Há anos pintei uma tela em que escrevi por mais que seja santa/ A guerra é a guerra (1) Pois é, passam-se séculos, anos, dias e esta canção do Fausto em todos eles pode ser cantada por actual. A ganância, a crueldade, tenham elas as motivações que tiverem, estarão sempre por trás de qualquer guerra. Aí está, a inveja, com que o nosso Camões, contemporâneo de Fernando Mendes Pinto, epicamente nos caracterizou, grassa em desmedida. E os povos sempre em barcos à deriva, subvivendo, perecendo. E mais pobres.
Talvez não seja exagero, nunca o mundo esteve em paz. Vivemos entre a guerra e o sarar as feridas. Cidades são reconstruídas sobre valas comuns. Por exemplo, Siem Reap (Camboja). A cidade foi reconstruída sobre valas comuns do domínio dos Khmer Vermelhos (1975-1979). Como sabemos, toda esta região do planeta, Vietname, Laos e Camboja, muito foi fustigada pela guerra. A Guerra do Vietname – 1955 a 1975. Ainda hoje, estes povos choram os seus familiares. E conformados sobre o agora dizem, temos ainda muita pobreza, corrupção, mas vivemos em paz. Podemos estar com a família, com os amigos. Podemos falar que nada nos acontece. E é, muitas vezes, pelos horrores da guerra, pela pobreza, pelo cansaço da instabilidade das sociedades, por ignorância – é tão importante informarmo-nos e termos as nossas opiniões – que as pessoas escolhem ditadores. Porque acreditam na paz que lhes prometem.

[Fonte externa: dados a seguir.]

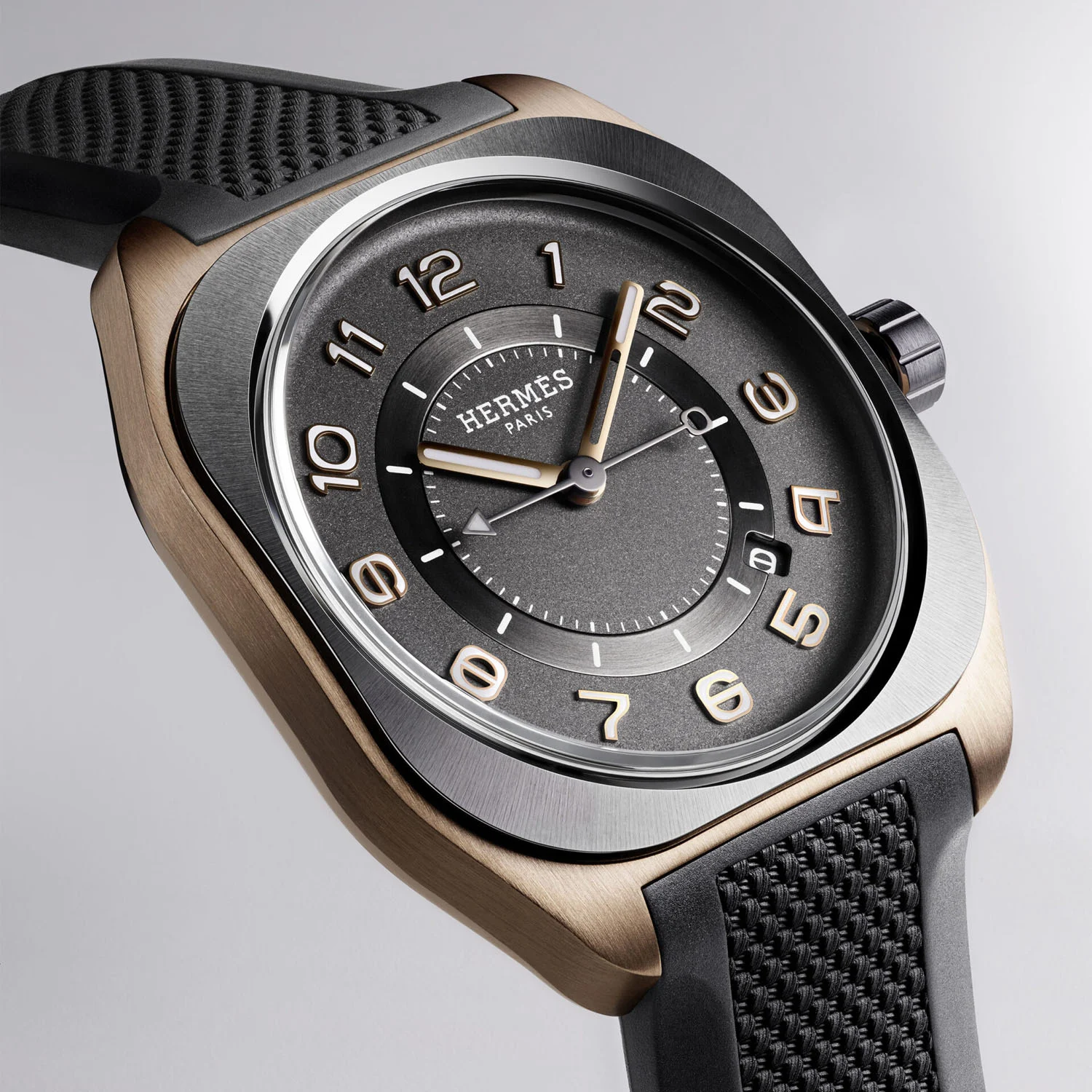 INTRODUCING: The new Hermès H08 in rose gold, titanium and ceramic offers a refreshing take on sporty chic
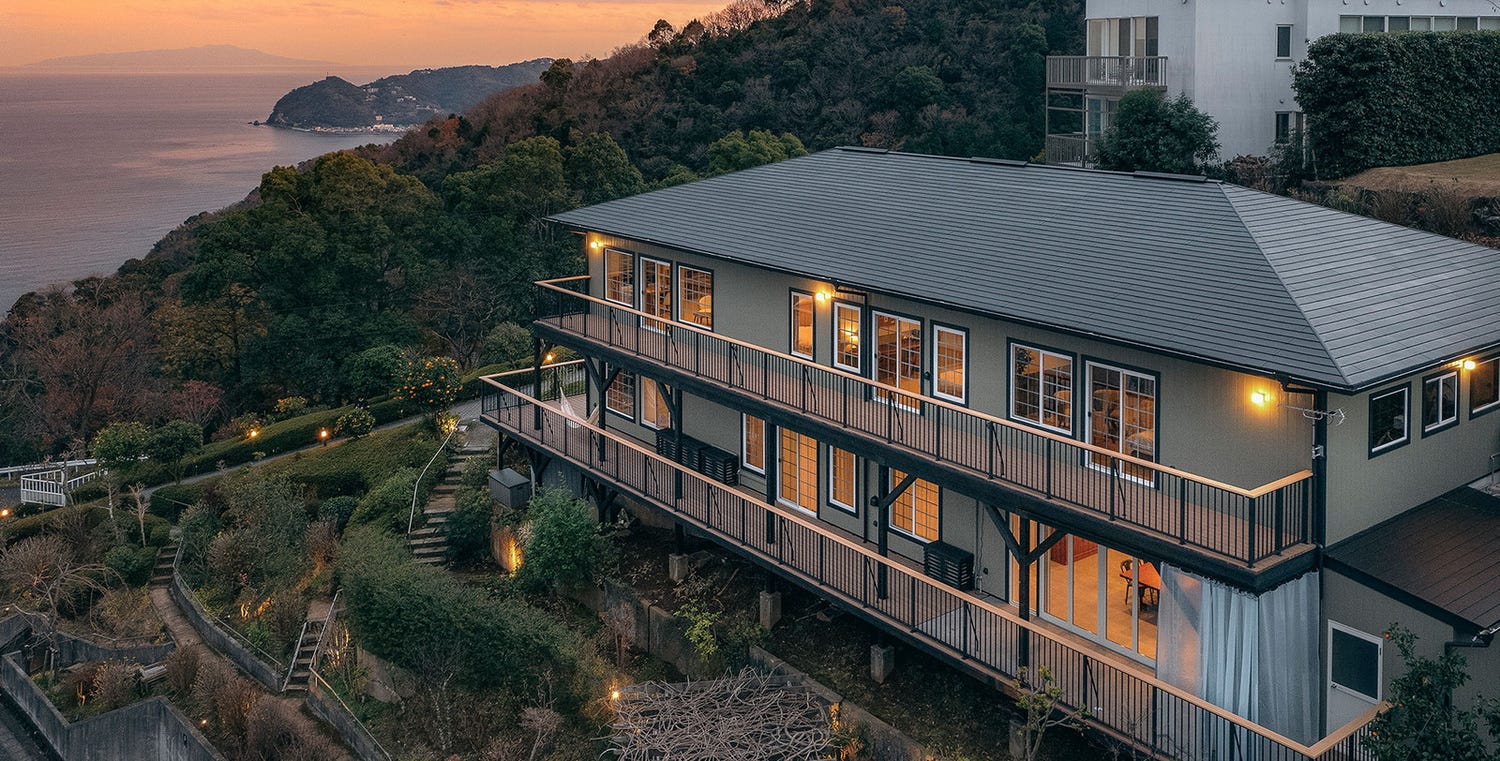 熱海に1日1組限定の温泉付きリゾート、3軒同時オープン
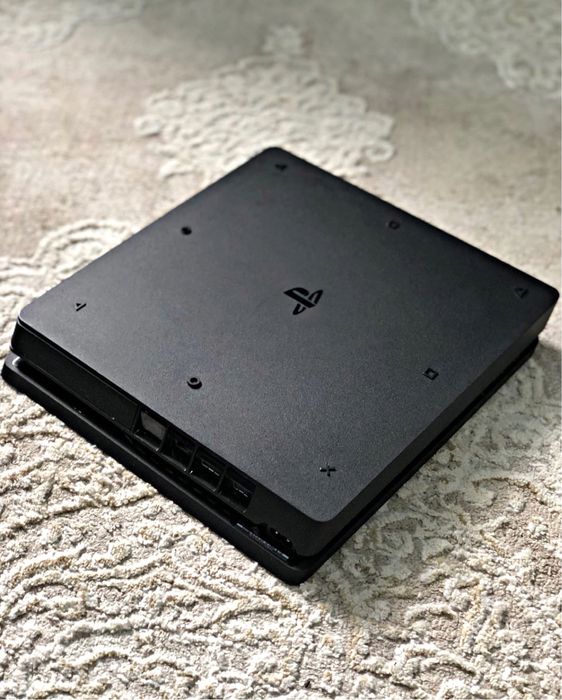 PlayStation 4 slim 1TB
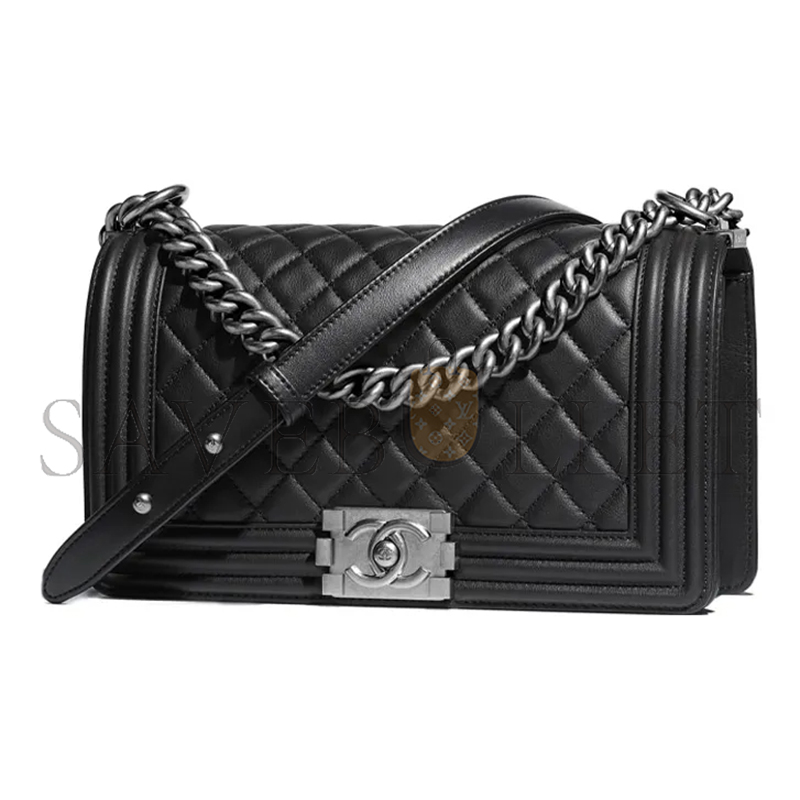 CHANEL MASTER LAMBSKIN QUILTED MEDIUM BOY FLAP SILVER HARDWARE A67086 (25*15*9cm)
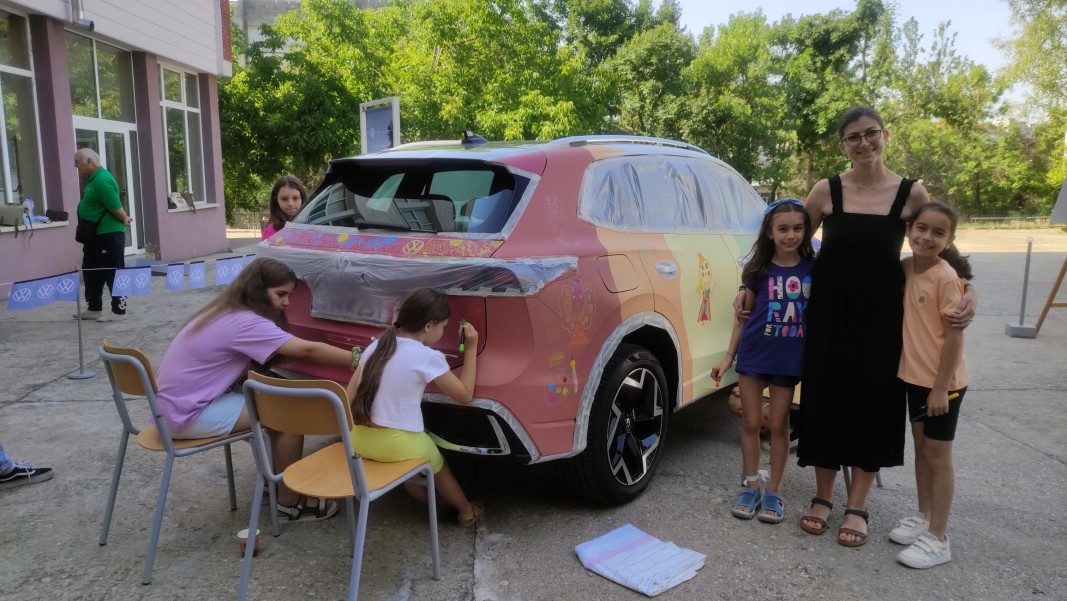 Автомобилно представителство с дарение за талантливите деца на Велико Търново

Afinal, o que é a paz. Claro que os direitos de expressão, de reunião, são inquestionáveis. Mas pode a paz ser fome. E soa-me Negro bairro negro/ Bairro negro/ Onde não há pão/ Não há sossego (2). Ser desemprego. Ordenados em atraso. Não cumprimento do horário de trabalho.
Há muito que a paz e a liberdade casaram. Será que sou livre quando não tenho tempo para cuidar e brincar com os filhos. Quando não tenho tempo para mim.
A paz também está nas nossas mãos.
Ana T. Freitas
(1) Assim escreveu, musicou e cantou Fausto Bordalo Dias no seu álbum Por Este Rio Acima, editado em 1982, alicerçado nos relatos de Peregrinação, de Fernão Mendes Pinto, de 1614 – uma narrativa de todo o interesse sobre a presença portuguesa no oriente quinhentista.
(2) Menino do Bairro Negro, letra, música e canto de José Afonso, do seu álbum Vampiros, de 1963.